WATCH: Speaking of iconic fashion magazines, Venus Williams joined fellow former world No. 1 Caroline Wozniacki as attendees at the famed Met Gala by Vogue.


A cover fit for a queen: Seven-time Grand Slam singles champion Venus Williams is Glamour UK's October cover star, and the former world No. 1's stylish photoshoot was paired with a wide-ranging interview with journalist Abigail Blackburn on where she's been and where she's going.

Published in the aftermath of what was likely Serena Williams' final US Open, the elder Williams sister speaks openly about a variety of topics, including the next chapter for her 23-time Grand Slam-winning sister. She says she's loved to watch Serena come into her own with her new venture capitalist effort, Serena Ventures.

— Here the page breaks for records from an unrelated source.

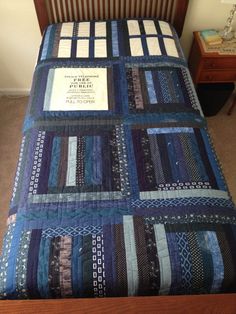 a bed with a blue quilt on top of it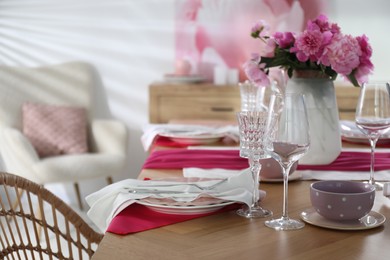 Beautiful table setting with pink peonies in dining room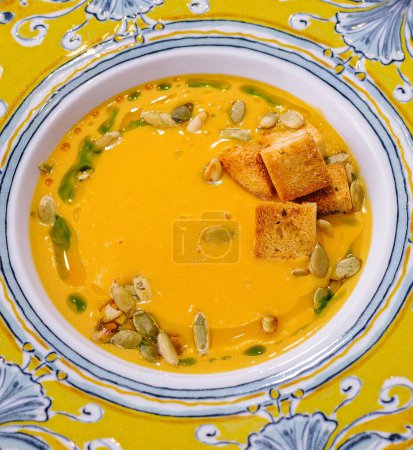 Top-down view of a colorful bowl with creamy pumpkin soup, garnished with seeds and croutons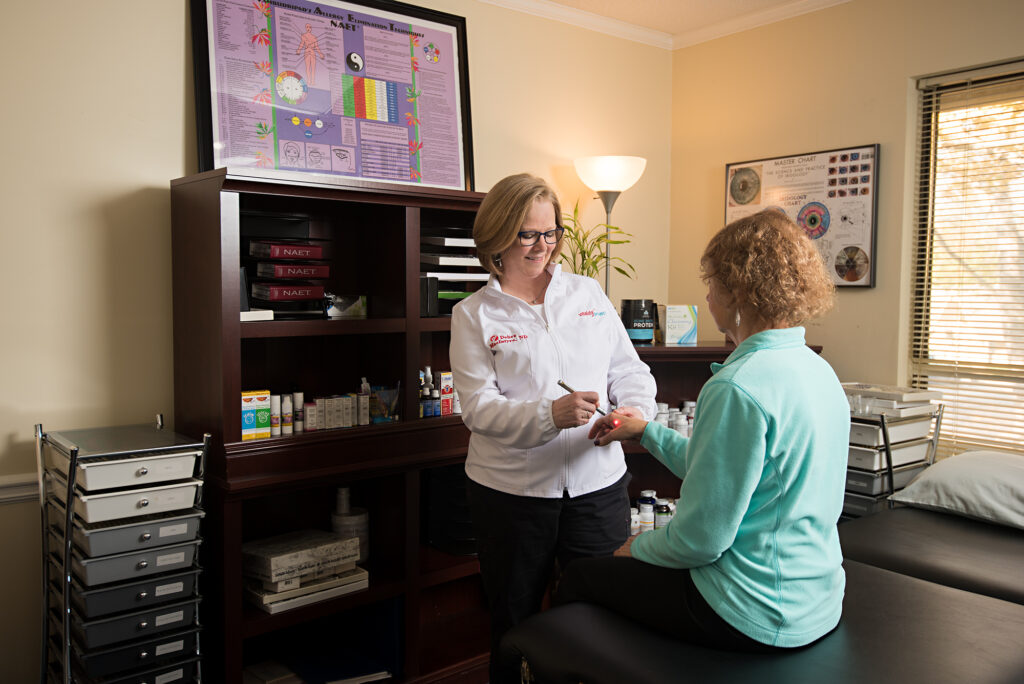 Debra MacIntyre using laser on patient hand in clinic.
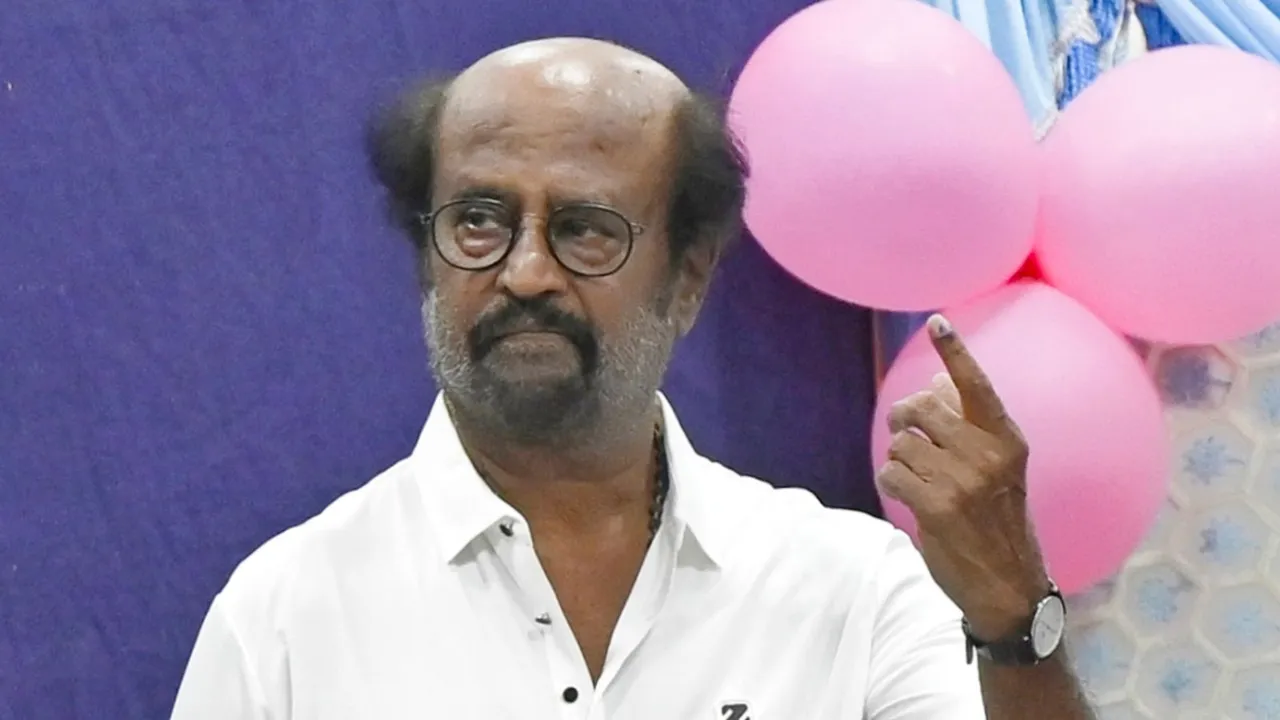 Veteran actor Rajinikanth shows his finger marked with indelible ink after casting his vote for the first phase of Lok Sabha elections, at a polling station in Chennai, Friday, April 19, 2024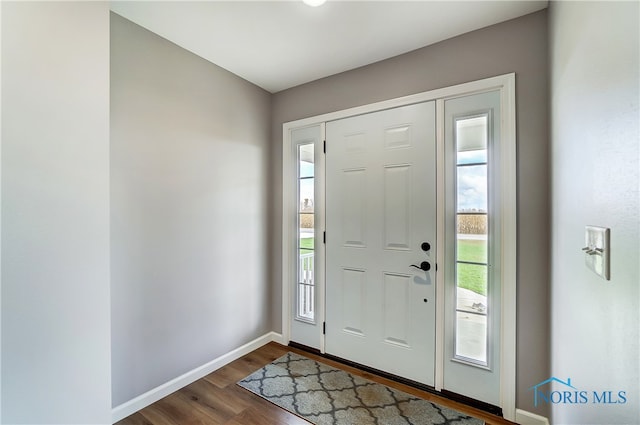 foyer with dark hardwood / wood-style floors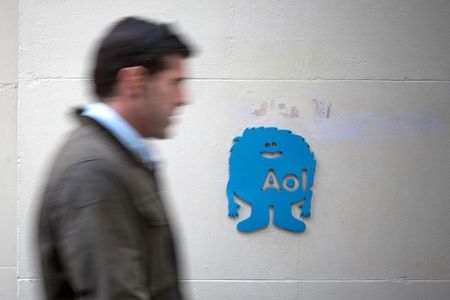 A man walks past the AOL logo at the company's office in New York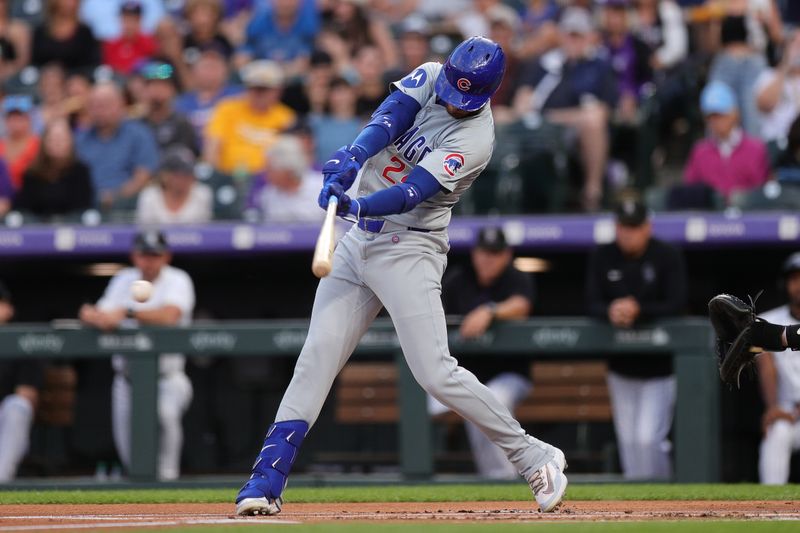 Sep 13, 2024; Denver, Colorado, USA; Chicago Cubs right fielder Cody Bellinger (24) hits a two RBI single in the first inning against the Colorado Rockies at Coors Field. Mandatory Credit: Isaiah J. Downing-Imagn Images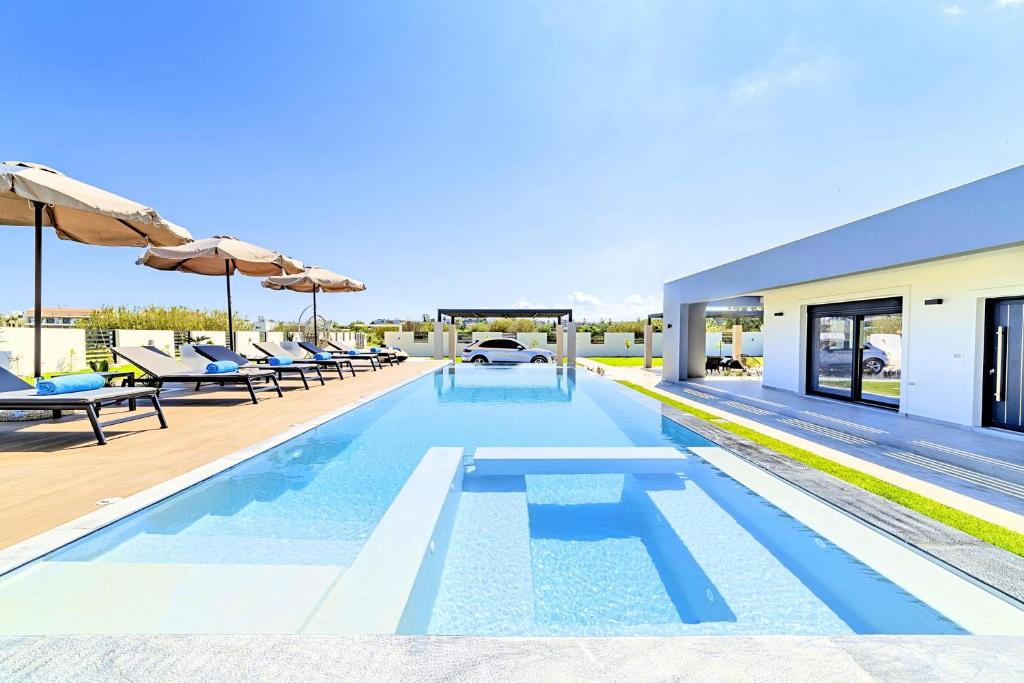 basen z leżakami i parasolami na domu w obiekcie Villa Solaris Heated Pool & Jacuzzi w mieście Georgioupolis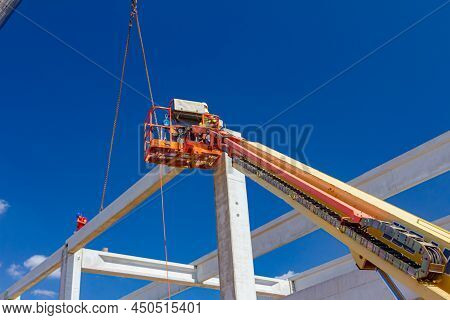 Mobile Crane Is Operating And Worker Is Assembly Concrete Joist In High Place. Height Worker Is Plac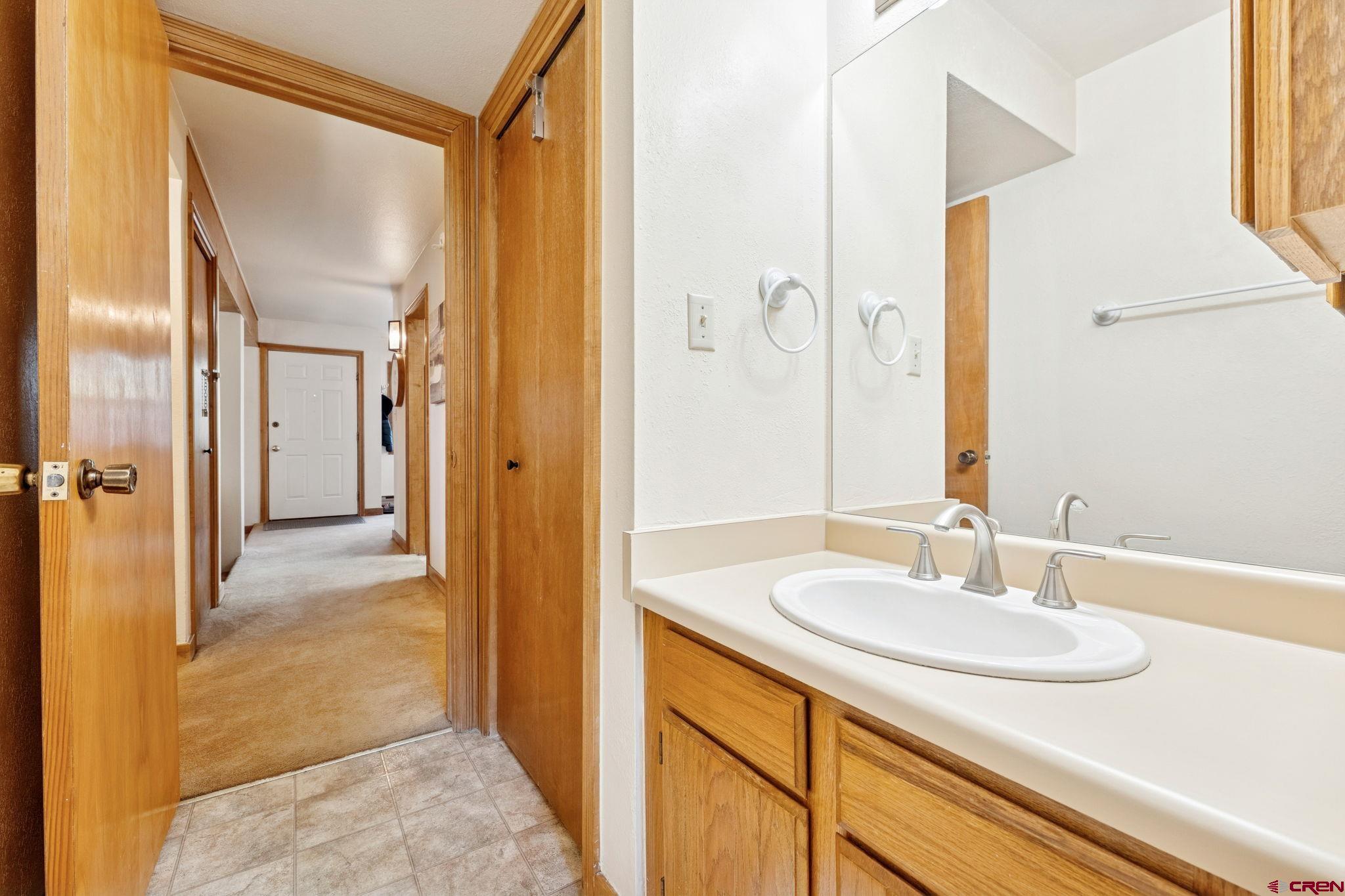6 Ferringway Circle, Unit 18 Durango, CO 81301 - Photo 21 of 39 a bathroom with a sink and a mirror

Venus has long been building her personal brand, too: She created the clothing and beauty brand EleVen by Venus, Happy Viking protein shakes, and the interior design firm Vstarr interiors. She was also an executive producer on the recent film “King Richard," the Oscar-nominated biographical film about their father, Richard Williams, starring Will Smith.

Asked about whether or not the sisters' on-court competitiveness has fed into their off-court efforts, the 42-year-old Williams says it's, in fact, the opposite.

"It’s more of a motivation and when I see her doing great, it’s my success. It’s also motivating for me and lets me know I also can do that, and that’s how you have to look at other people’s success," she said.

"I love seeing people do great … I don’t like to see anyone fail. I like to see my opponents lose against me, but other than that, I like to ride that energy that other people bring with success. Serena has taught me so much and there’s so much you can learn just from being around greatness and that’s what she is – the greatest ever.”

Posing in Louis Vuitton, Valentino, Lacoste and Eleven by Venus for the shoot, Williams also discussed how she took up Billie Jean King's mantle in pursuit of equal prize money for women in tennis and beyond; how she and Serena changed the game for diversity, equity and inclusion; the importance of finding balance, setting boundaries and mental health; and more.


While she has no plans to retire from tennis just yet, Williams has built not just a Hall of Fame resume on-court, but revolutionized American culture off it. But, she says, 'legacy' is not a word that's on her mind very often. Instead, she likes to live in the present.

“It’s not something I think about,” she revealed. “I know that sounds crazy. Do people wake up and think about legacies? I’m in the ‘right now.' I’ve got a tournament coming I’m trying to play. ... What am I going to achieve in this moment?

"I’ve always been forward-looking and I think a legacy isn’t as important as just enjoying your life. I have enjoyed mine and I think I could do even better at that. So, that’s kind of my next thing, just to live a little and if you could give back and encourage others, that’s the best legacy.”